(Stored data)
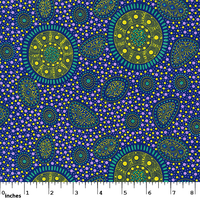 Bush Onions & Wild Flowers (Purple) - Aboriginal design Fabric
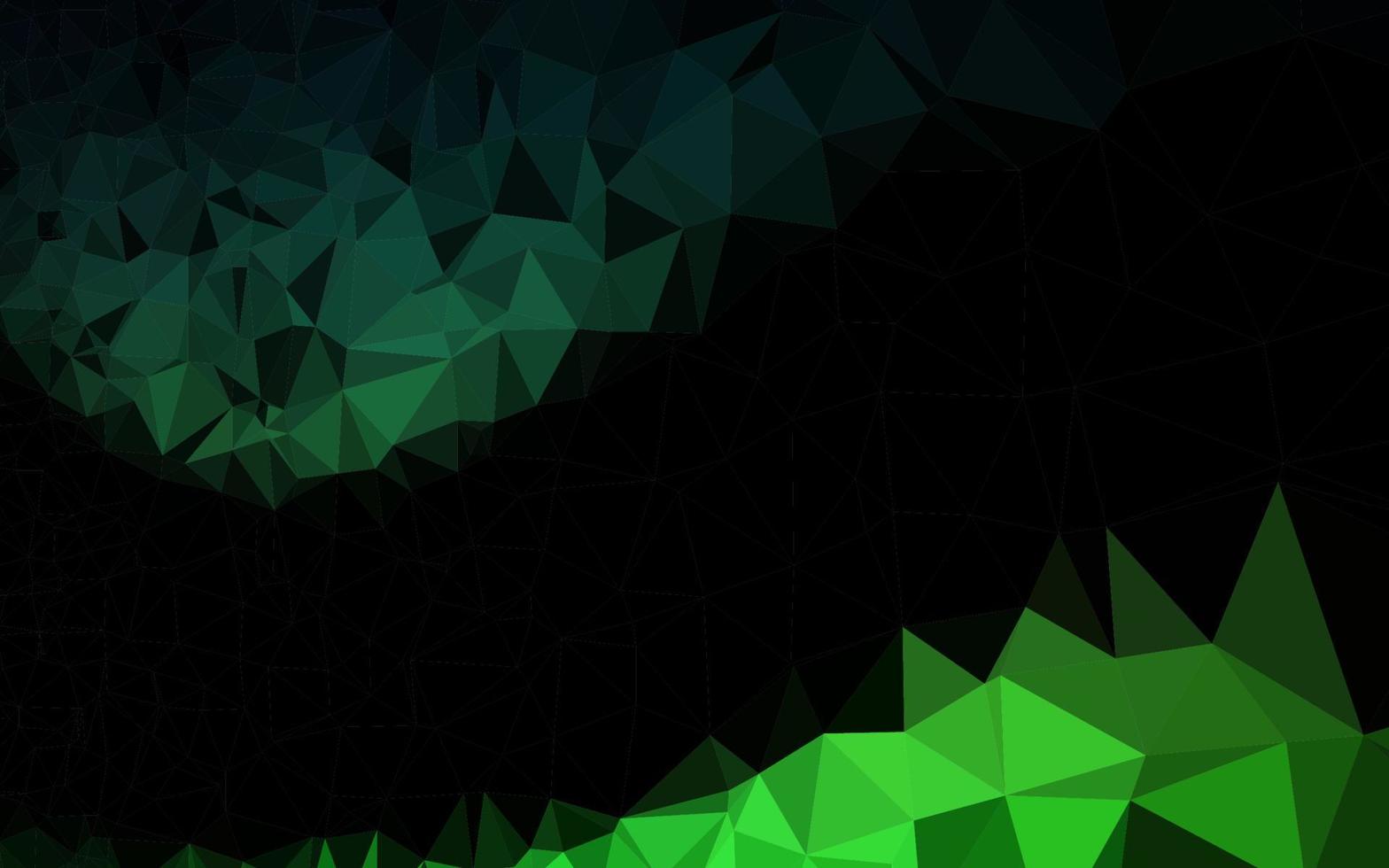 Dark Green vector abstract polygonal texture.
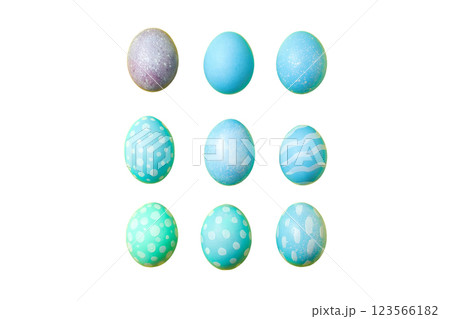 PNG, Easter, set of painted Easter eggs, isolated on white background 123566182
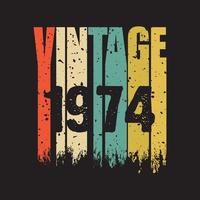 1974 vintage retro t shirt design, vector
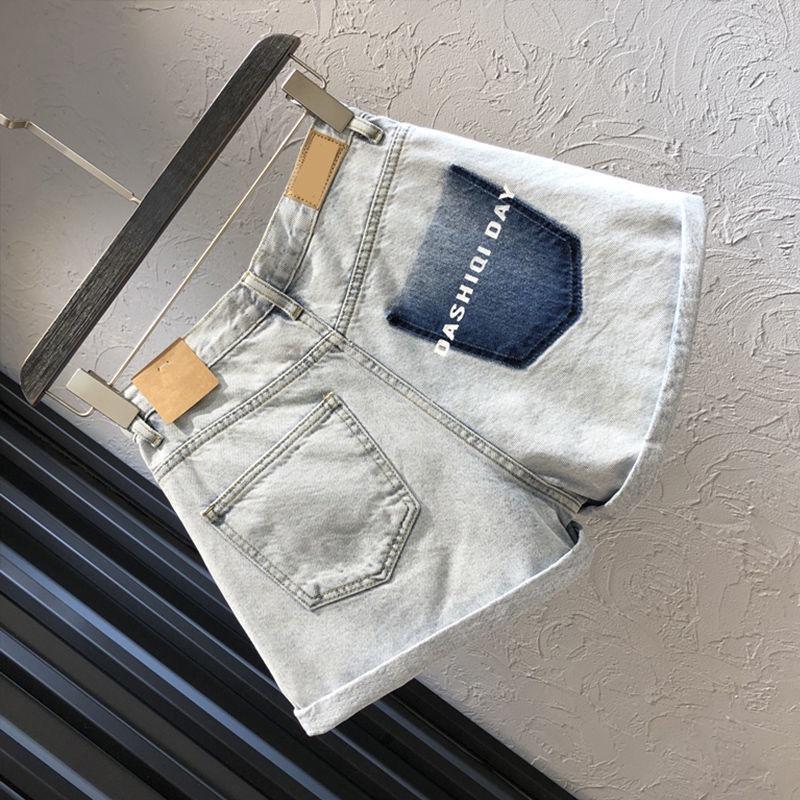 Quần Short Denim Dáng Chữ a Ống Rộng Lưng Cao Màu Sắc Tương Phản Có Size Lớn Cho Nữ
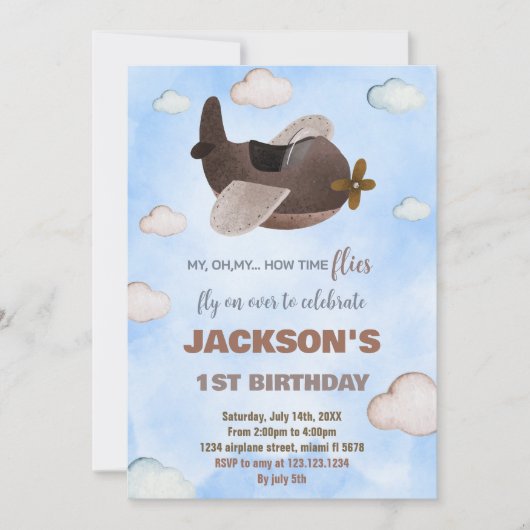 Blauw Bruin Vliegtuig Verjaardag Uitnodigingen (Voorkant)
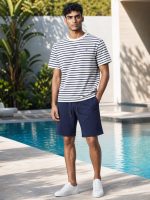 TSHIRT HOMME COL ROND RAYEE 100 % COTON – Image 2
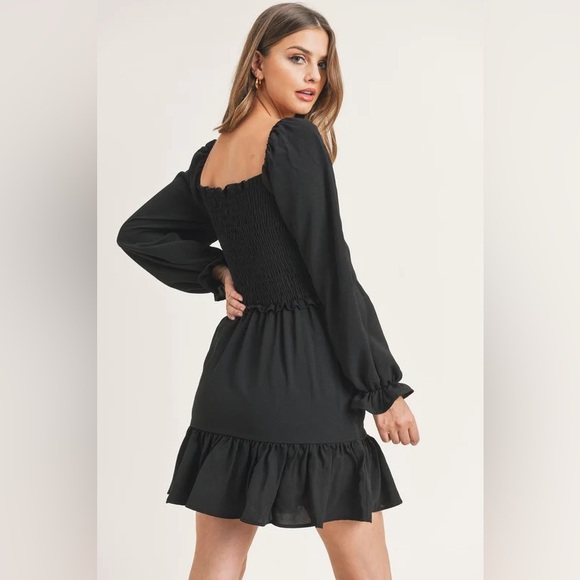 Black Smocked Dress - Never Worn - Picture 2 of 4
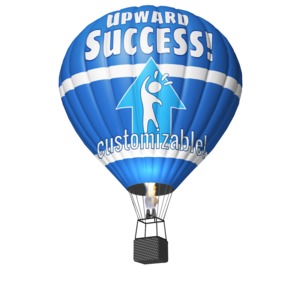 This custom design clip art shows a hot air balloon flying.  You can customize the balloon with your own text and images.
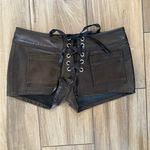 New! EB Denim Leather Micro‎ Lace Up Shorts Black Sz 25 $500 Photo 9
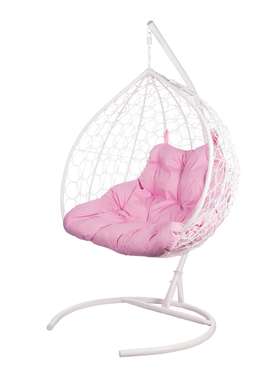 Двойное подвесное кресло Gemini с розовой подушкой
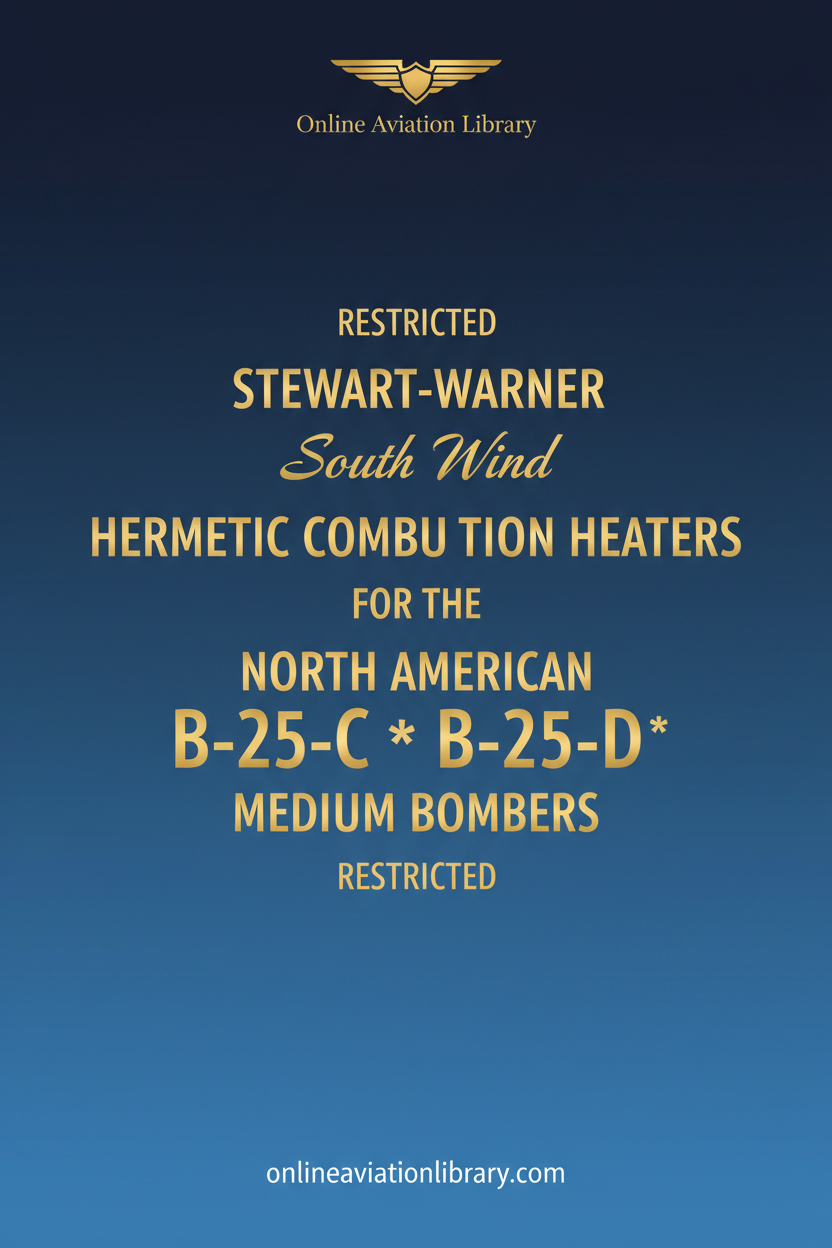 Stewart-Warner South Wind B-25C B-25D Heaters Standard Cover Page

EXERCISE INSTRUCTIONS - In the records above, locate the line containing "Quần Short Denim", then copy exactly that line and every line after it through the end, omitting pictures.

WRITTEN RESPONSE -
 Quần Short Denim Dáng Chữ a Ống Rộng Lưng Cao Màu Sắc Tương Phản Có Size Lớn Cho Nữ
 Blauw Bruin Vliegtuig Verjaardag Uitnodigingen (Voorkant)
 TSHIRT HOMME COL ROND RAYEE 100 % COTON – Image 2
 Black Smocked Dress - Never Worn - Picture 2 of 4
 This custom design clip art shows a hot air balloon flying.  You can customize the balloon with your own text and images.
 New! EB Denim Leather Micro‎ Lace Up Shorts Black Sz 25 $500 Photo 9
 Двойное подвесное кресло Gemini с розовой подушкой
 Stewart-Warner South Wind B-25C B-25D Heaters Standard Cover Page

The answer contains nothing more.